6 juin 2016 : Un robot quai Branly

Un projet intéressant a vu le jour en 2012 à l’initiative de plusieurs chercheurs et d’un anthropologue, Denis Vidal qui a publié le livre « Aux frontières de l’humain ; Dieux, figures de cire,robots et autres artefacts. ». L’idée du livre est de réfléchir s’il existe des propriétés spécifiquement et irrésolument humaines, face aux robots et autres artefacts et lesquelles. Dans cette perspective l’auteur parle « d’ontologie animiste » pour analyser les réactions spontanées des humains face aux machines robotisées. En qualifiant ainsi ces projections, l’auteur imagine que l’individu confère à son interlocuteur des « formes d’intériorité suffisamment semblables pour se voir attribuer un statut de « personnes » relativement similaire ». L’interlocuteur peut être classiquement un animal, un arbre dans les sociétés premières ou , et c’est le propos de l’auteur, un robot.

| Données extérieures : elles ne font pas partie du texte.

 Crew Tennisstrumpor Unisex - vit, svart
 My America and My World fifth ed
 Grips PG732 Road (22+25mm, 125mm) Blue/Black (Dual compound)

Même si la réflexion n’est qu’à l’état d’ébauche dans ce livre destiné au grand public, elle pose un certain nombre de jalons sur les relations humains-robots qui en renouvellent un peu la pensée, après Asimov ou Turing. L’étonnant est le lieu d’expérimentation qui a été choisi : le musée Branly. On aurait pu croire que d’autres musées se seraient mieux prêtés à l’exercice comme Beaubourg ou le musée d’art moderne, voire la fondation Louis Vuitton d’art contemporain, coutumier des installations. Non, ce fut ce musée des « musée des arts et civilisations d’Afrique, d’Asie, d’Océanie et des Amériques », excluant donc l’Europe et, implicitement la modernité, qui a été choisi. L’auteur ne donne aucune piste pour comprendre les raisons de ce choix et on ne peut que supputer la convergence de son analyse ontologique animiste de l’état de robot avec l’imaginaire qui rôde dans cet espace muséal qui se réfère sans cesse aux sorcelleries et autres registres explicatifs non scientifiques attribués aux peuples « premiers ».

L’enregistrement (mot de passe : berenson2012) qui en fut fait est trop bref pour pouvoir se faire une idée de la pertinence ou non de la théorie de l’auteur. Mais on peut aussi se poser un certain nombre de questions. La surprise aurait-elle été autant forte dans un espace d’art contemporain aux installations toujours plus interpellantes, leur objectif étant justement de surprendre le public ? Le contexte un peu mystérieux de ce musée où l’obscurité rivalise avec la structure biscornue et l’effroi engendré par certaines œuvres dont c’est précisément l’objectif, n’est-il pas à l’origine de ces angoisses soudaines face à cet intrus qui rôde ?

Et finalement, le dialogue avec la machine qu’entretient le public serait-il si différent de celui qu’il engagerait avec un animal sympathique qui déambulerait dans les couloirs du musée ?

Enfin une telle expérience mériterait sans doute d’être organisée au récent musée de l’homme, là où les visiteurs n’attendent ni interpellation contempooraine brutale, ni mystère d’un ailleurs magique mais simplement un regard sur leur propre humanité.